HOUGHTON - The annual Parade of Nations and Multicultural Festival returns to Houghton and Hancock for its 23rd annual installment Saturday.
More than 60 countries will be represented in the parade, which starts in Hancock at 11 a.m. and wraps up at Dee Stadium at noon. This year's theme is "Celebrate."
"The floats will revolve around that theme," said Darnishia Slade, assistant director of international programs and services at Michigan Technological University.
Stephen Anderson/Daily Mining Gazette
Community members from the People’s Republic of China walk in the 2011 Parade of Nations. This year’s parade is slated to start at 11 a.m. Saturday.
This year's grand marshals are Nancy and Dianne Sprague, who were recognized for their longtime support of cultural endeavors in the area.
Parade judges are Glenn Anderson, Hancock city manager; Tara Evans, assistant director of Tech's international programs and services; and Jennifer Donovan, Tech's director of public relations.
At the Dee, the Multicultural Festival will have 43 booths, up seven from last year, including 17 national and ethnic cuisines. This year's has probably the highest number of arts and crafts booths in its history, said Bob Wenc, community outreach liaison for Michigan Tech.
The Society of Intellectual Sisters returns after a year off with their "SIS-ka-bobs," while the Black Students Association will return with its assortment of barbecued food.
"That's one people count on," Wenc said.
This year's events include representation from several new national cuisines: Bangladeshi, which will have two booths; Nepalese; and Brazilian.
"I looked at the desserts - oh my gosh," Wenc said.

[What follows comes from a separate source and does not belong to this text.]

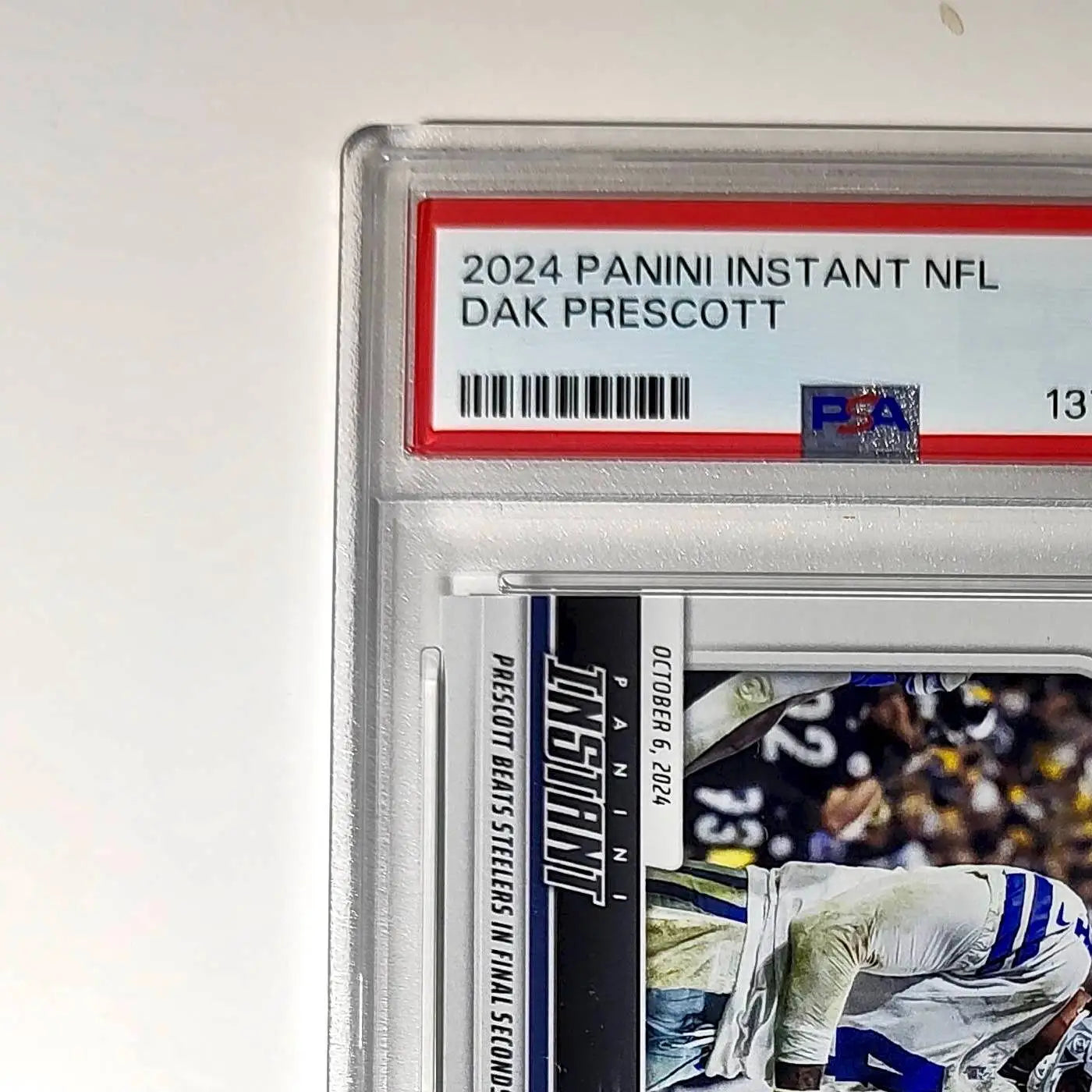 Dak Prescott Rookie 2024 Panini Instant NFL #76 PSA 10 Gem Mint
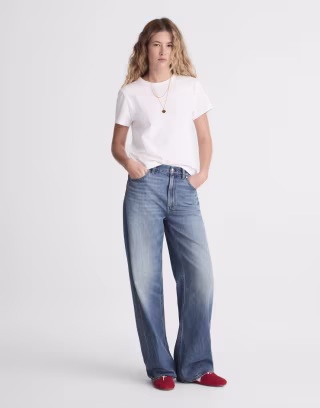 Madewell The Low-Slung Baggy Jean in Airy Denim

For local businesses, Hunan Garden will return, joined this year by Ming's Asian Bistro. The Library Restaurant & Brew Pub will also sell sushi at the festival for the first time; it may have food from its upcoming Mexican restaurant, Habaeros.
This year's parade and festival won't have a headlining act. Instead, Slade said, they're going to spotlight some local talent. Performing will be the Copper Country Cloggers, Michigan Technological University dance team, Medievalist Club, Kivajat Dancers, music from the Hassle Group, several performances from the Indian Students Association, singing from Zichen Qian and a performance of the National Anthem by Karen Colbert.

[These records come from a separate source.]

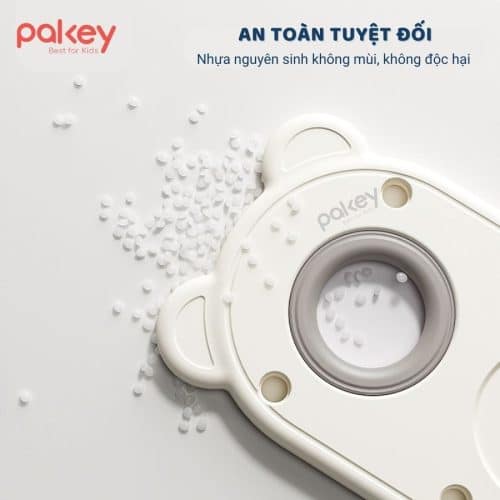 Kệ để đồ 4 tầng kèm hộc - Pakey gấu trắng 23 Nhựa nguyên sinh thường không chứa các hợp chất có thể gây hại cho sức khỏe của trẻ em, như chì, phthalate hay BPA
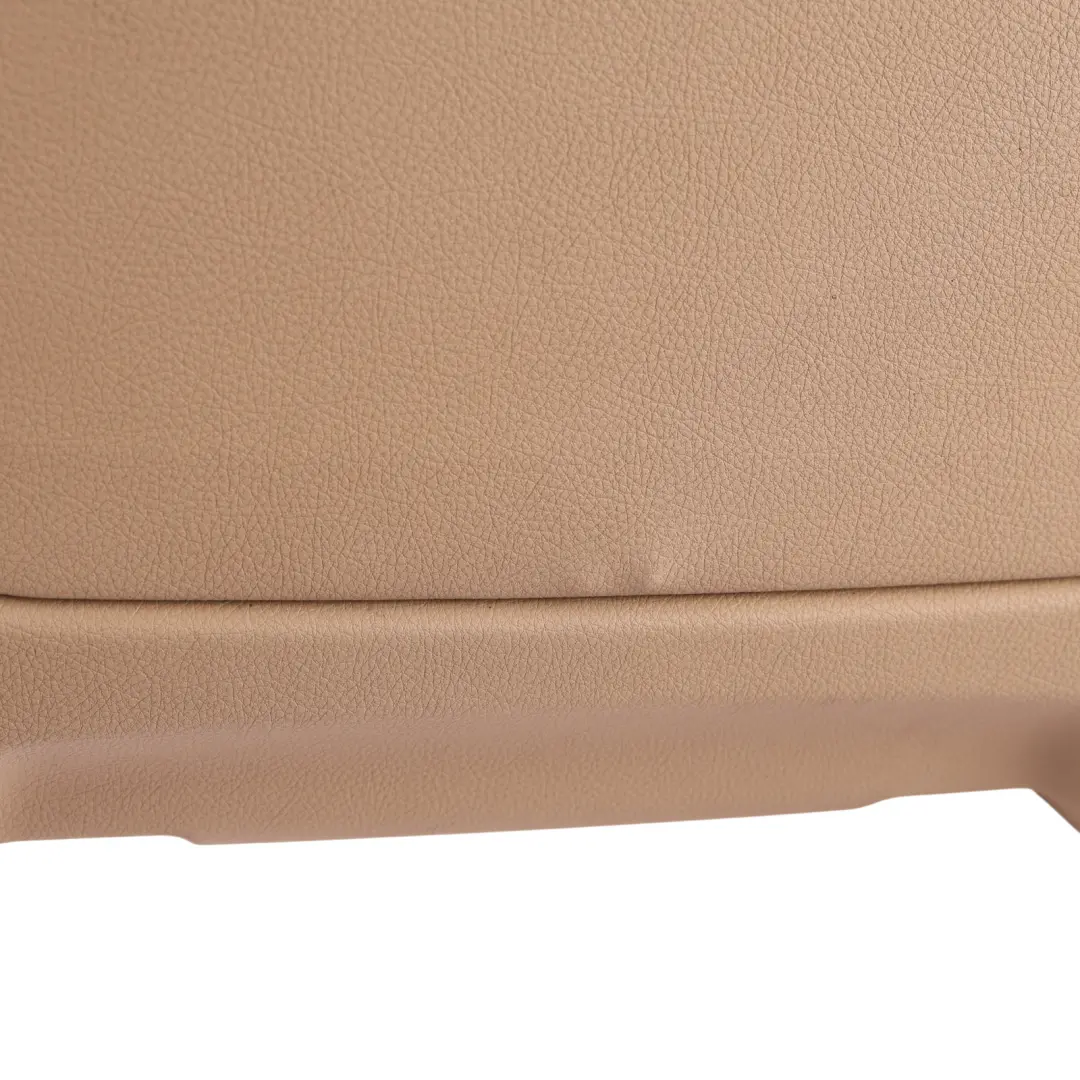 Cubierta Respaldo Asiento Delantero Panel Beige para BMW F01 F07 F10 LCI con número de pieza 7319048 BMW F01 F07 F10 LCI Cubierta Respaldo Asiento Delantero Panel Beige - SKU 7319048 - Número de pieza 7319048
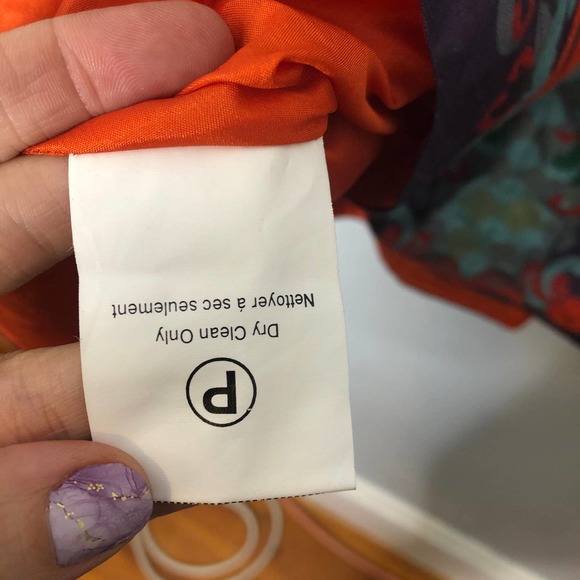 Anthropologie Pankaj & Nidhi Octave Embroidered Flare Purple Mini Dress 10Petite - Picture 10 of 10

Between acts at the Dee, there will be a 50/50 raffle. Emcee Mark Wilcox will announce a trivia contest, with the top prize a $70 gift certificate to a local business.
People will also be able to visit alpacas from Keweenaw Alpacas. There will be cheek painting for children, as well as full face painting from Roxanne Carson of Baraga. Native Nails will also be doing temporary henna tattooing.

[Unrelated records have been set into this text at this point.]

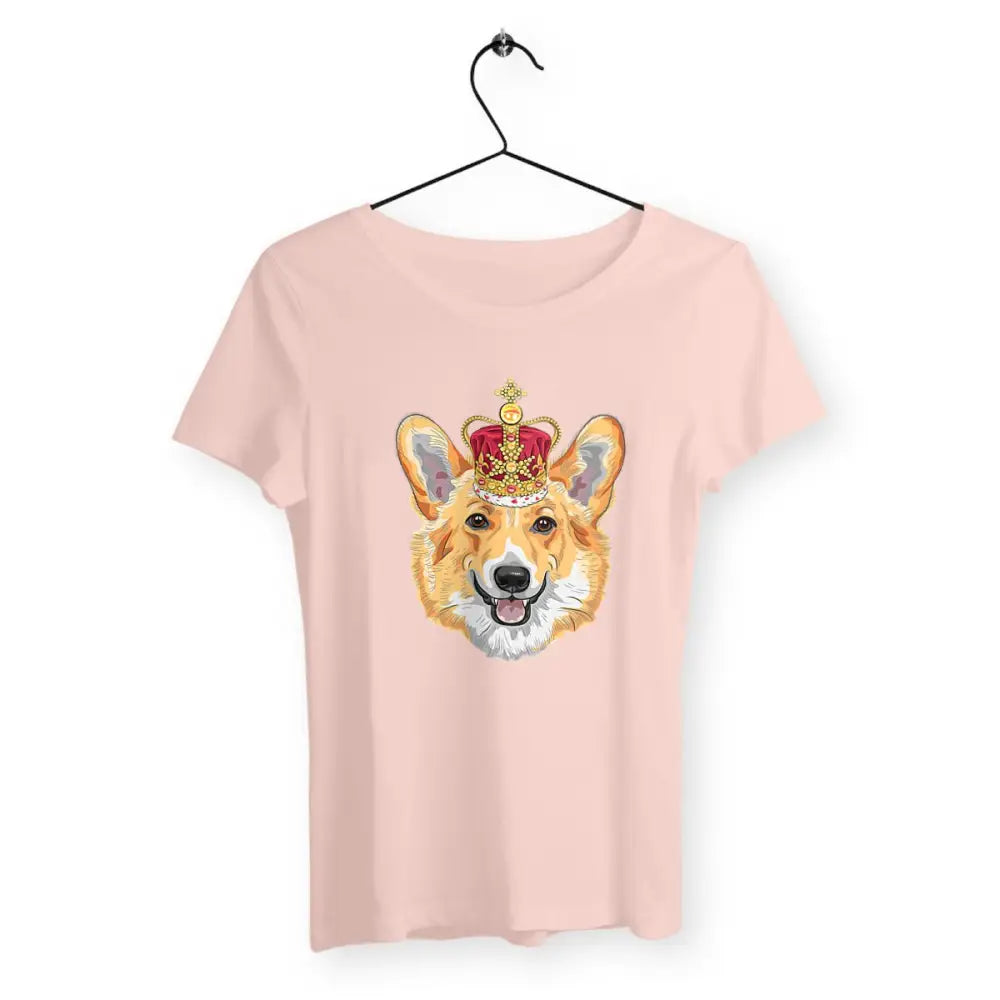 T-shirt femme avec l'inscription "Welsh Corgi" – Un design mignon et adorable pour les amoureuses de cette race de chien. Parfait pour afficher votre amour pour les Corgis avec style et originalité !
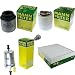 Produktbild EISENFELS Filter Set Inspektionspaket erstellt mit MANN-FILTER Ölfilter W 712/94, Luftfilter C 15 008, Kraftstofffilter WK 69, Innenraumfilter CU 26 010, Verschlussschraube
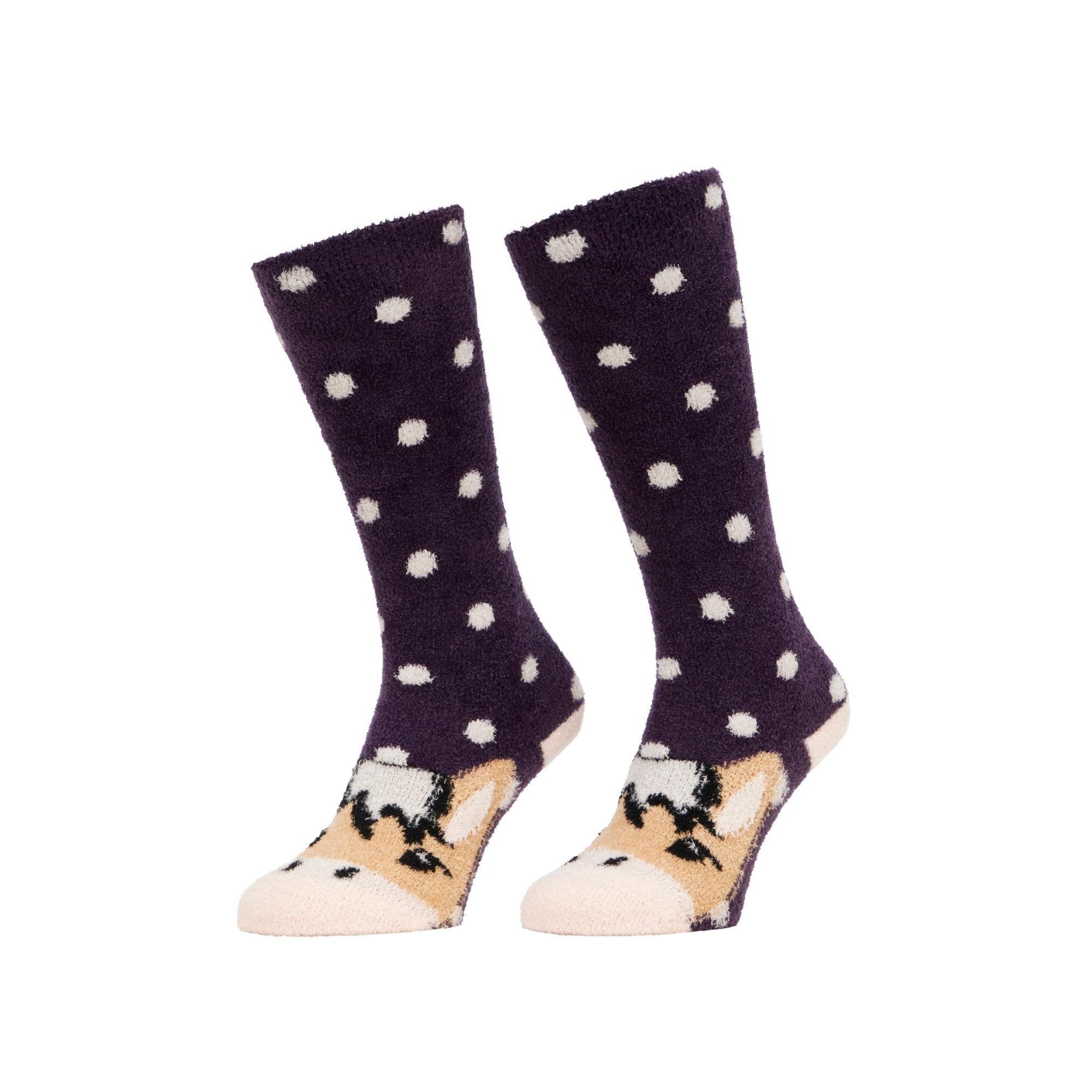 LeMieux Fluffy Character Socks - Fjord Juniper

There will also be a kids' booth with a free pony ride.
There will be arts and crafts from countries including Bolivia, Ghana and China. Ray Just of Northern Minerals will have an array of copper specimens and jewelry.
"We have more of these kinds of booths than we've had in the past," Wenc said. "It's exciting. They're very unusual."
Organizers include representatives from Michigan Tech and Finlandia University, as well as Homestead Graphics and Eagle Radio.
"It's a great mix of the community, both universities," Slade said. "Our goal is to continue to expand."